[PROMPT]
If a line in the listing contains "Image", copy it out whole.

■ ■ ■

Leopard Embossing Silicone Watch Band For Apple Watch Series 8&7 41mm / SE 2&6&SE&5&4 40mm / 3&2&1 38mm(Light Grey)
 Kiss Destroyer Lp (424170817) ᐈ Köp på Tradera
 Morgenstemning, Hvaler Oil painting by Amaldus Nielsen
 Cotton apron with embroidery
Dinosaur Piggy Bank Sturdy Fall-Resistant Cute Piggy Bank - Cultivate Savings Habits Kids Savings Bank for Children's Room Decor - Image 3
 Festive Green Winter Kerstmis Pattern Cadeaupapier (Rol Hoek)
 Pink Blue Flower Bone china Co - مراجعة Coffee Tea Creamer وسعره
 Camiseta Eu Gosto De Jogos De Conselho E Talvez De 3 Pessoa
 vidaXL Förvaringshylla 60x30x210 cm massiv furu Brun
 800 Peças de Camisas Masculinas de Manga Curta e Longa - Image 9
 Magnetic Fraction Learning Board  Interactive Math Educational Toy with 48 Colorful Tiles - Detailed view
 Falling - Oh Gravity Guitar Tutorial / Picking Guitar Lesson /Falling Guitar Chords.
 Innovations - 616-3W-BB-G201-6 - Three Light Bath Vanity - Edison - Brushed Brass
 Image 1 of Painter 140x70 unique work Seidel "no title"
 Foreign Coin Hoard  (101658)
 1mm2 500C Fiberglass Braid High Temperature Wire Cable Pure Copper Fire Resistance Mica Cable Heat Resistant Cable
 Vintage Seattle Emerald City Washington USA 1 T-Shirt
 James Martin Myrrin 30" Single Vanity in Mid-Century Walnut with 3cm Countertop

■ ■ ■

[SOLUTION TO THE PROBLEM]
Dinosaur Piggy Bank Sturdy Fall-Resistant Cute Piggy Bank - Cultivate Savings Habits Kids Savings Bank for Children's Room Decor - Image 3
 800 Peças de Camisas Masculinas de Manga Curta e Longa - Image 9
 Image 1 of Painter 140x70 unique work Seidel "no title"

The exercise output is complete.